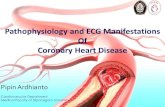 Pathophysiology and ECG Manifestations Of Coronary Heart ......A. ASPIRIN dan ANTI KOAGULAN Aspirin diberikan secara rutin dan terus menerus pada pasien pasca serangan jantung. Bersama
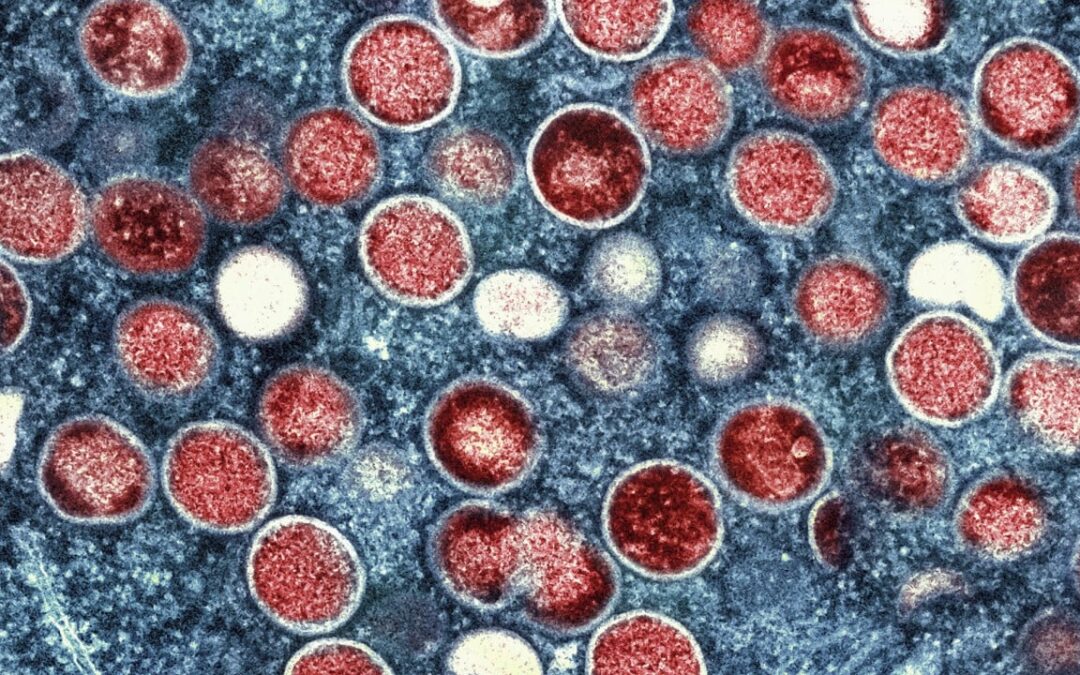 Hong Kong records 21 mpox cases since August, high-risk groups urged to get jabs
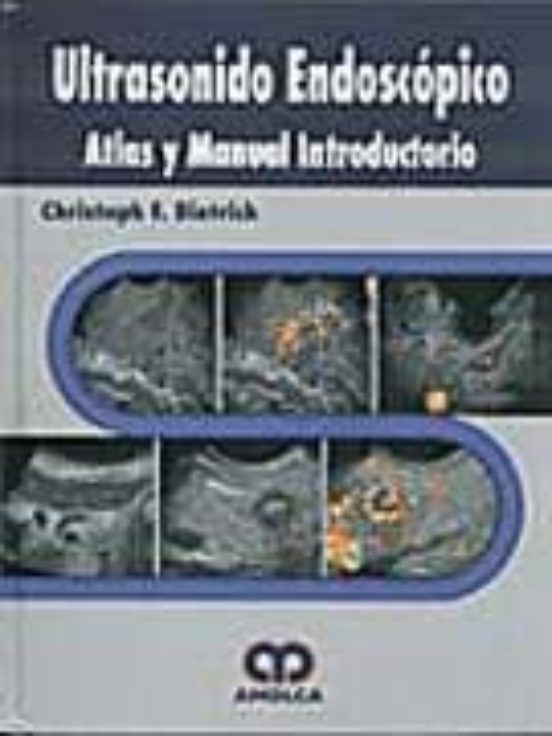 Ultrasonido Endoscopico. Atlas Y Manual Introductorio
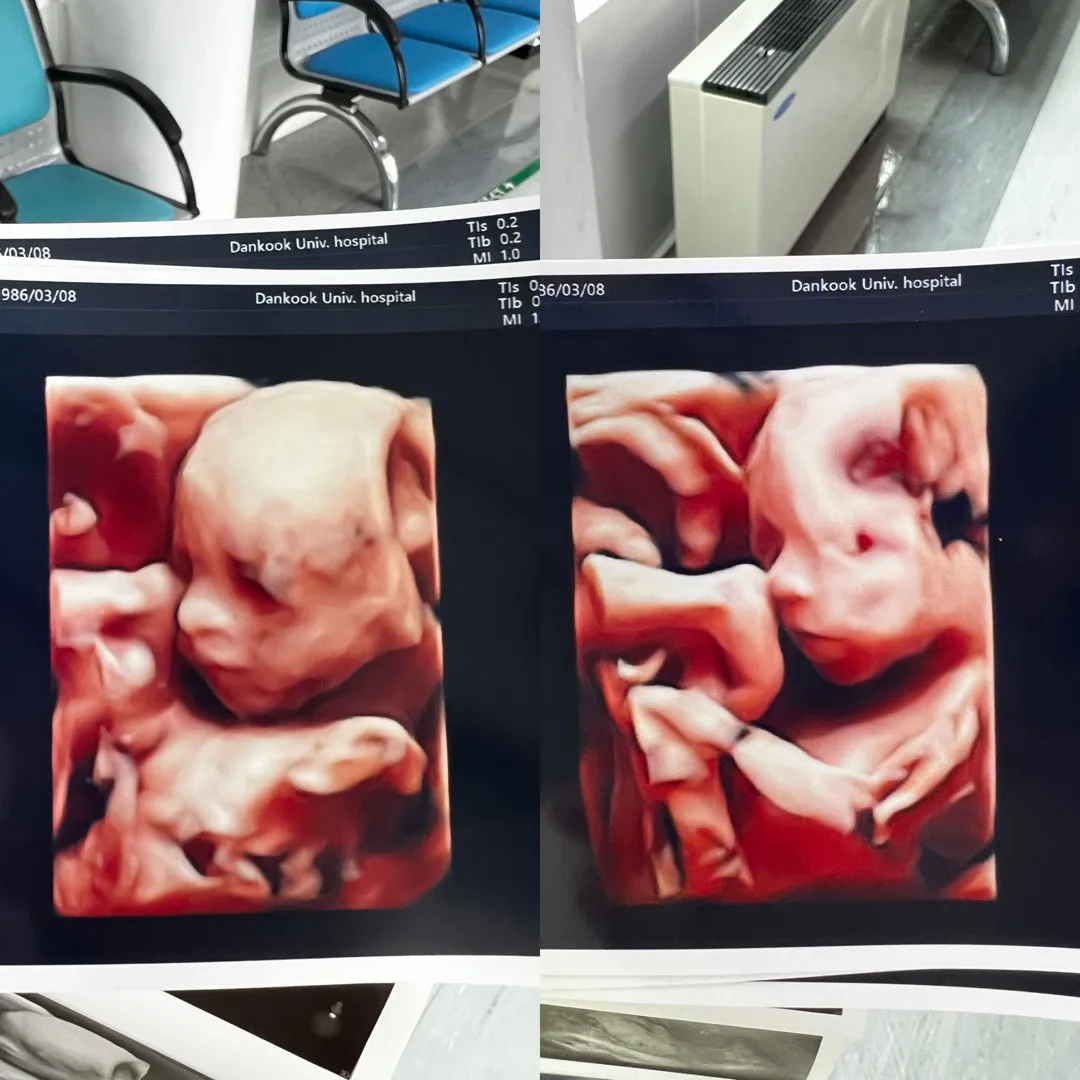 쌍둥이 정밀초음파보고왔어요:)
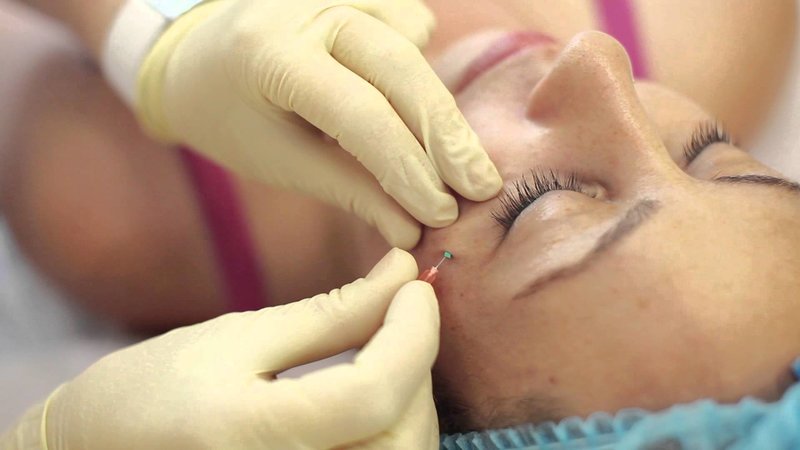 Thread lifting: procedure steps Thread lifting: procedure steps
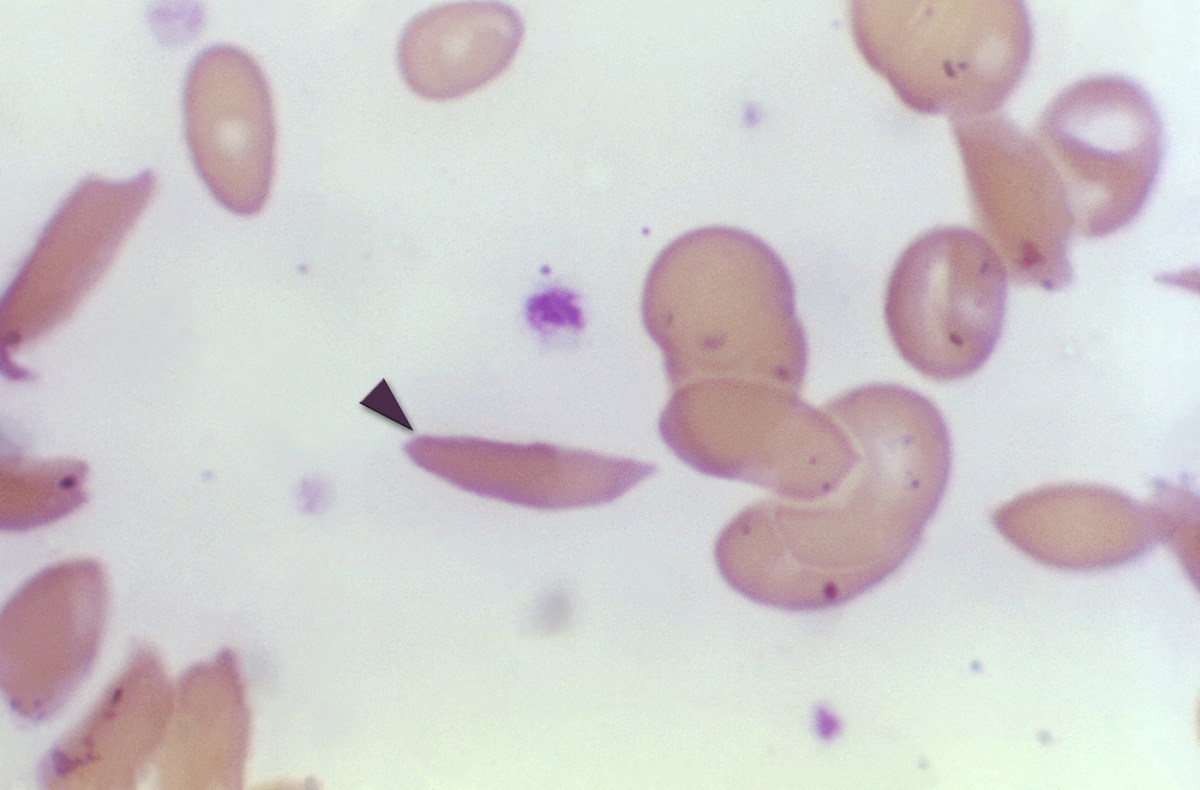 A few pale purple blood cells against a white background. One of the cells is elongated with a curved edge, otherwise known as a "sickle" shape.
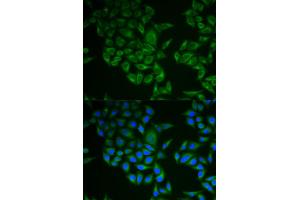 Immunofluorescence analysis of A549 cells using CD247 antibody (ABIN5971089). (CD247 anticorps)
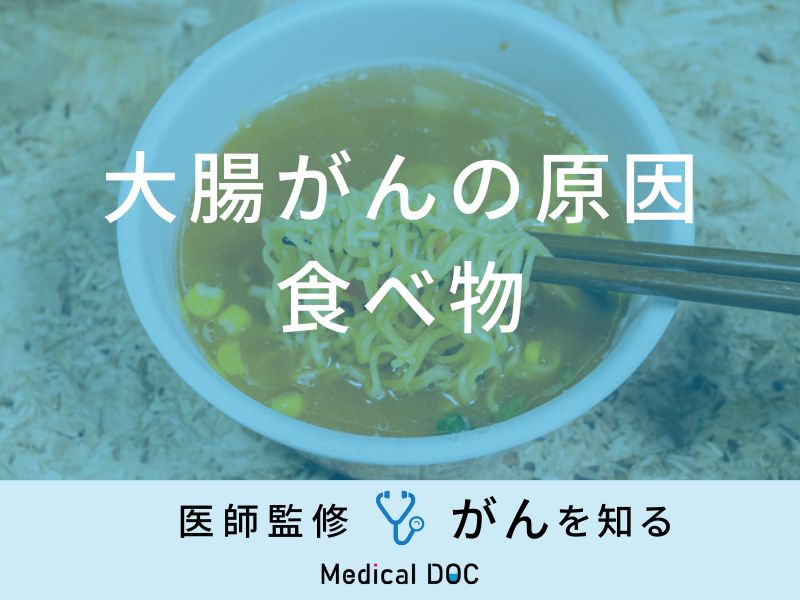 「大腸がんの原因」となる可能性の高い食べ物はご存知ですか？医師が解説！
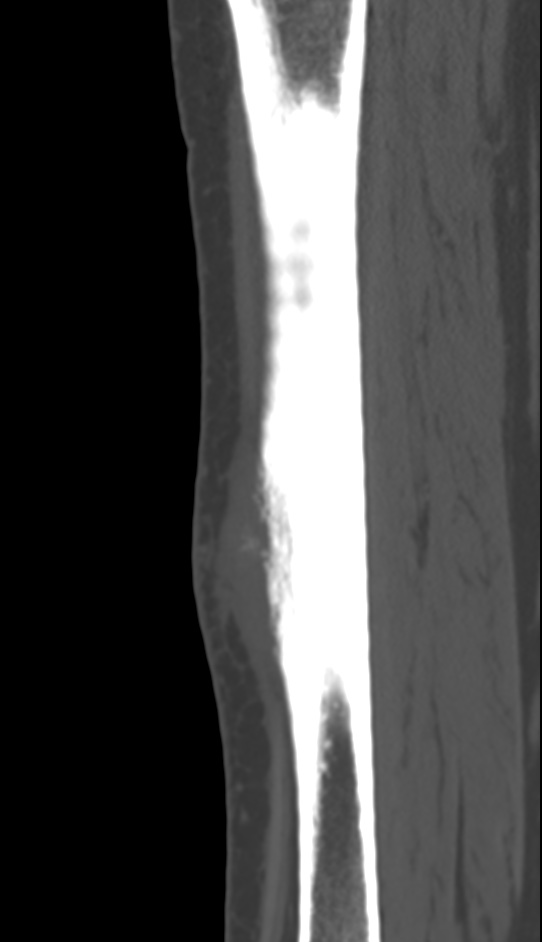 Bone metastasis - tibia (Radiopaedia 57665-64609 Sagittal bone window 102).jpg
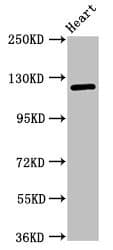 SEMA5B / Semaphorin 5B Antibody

• Exercise instructions:
Drop the pictures, then transcribe the lines from the one containing "Immunofluorescence analysis of" to the end of the data above, exactly and nothing more.

• Exercise answer:
 Immunofluorescence analysis of A549 cells using CD247 antibody (ABIN5971089). (CD247 anticorps)
 「大腸がんの原因」となる可能性の高い食べ物はご存知ですか？医師が解説！
 Bone metastasis - tibia (Radiopaedia 57665-64609 Sagittal bone window 102).jpg
 SEMA5B / Semaphorin 5B Antibody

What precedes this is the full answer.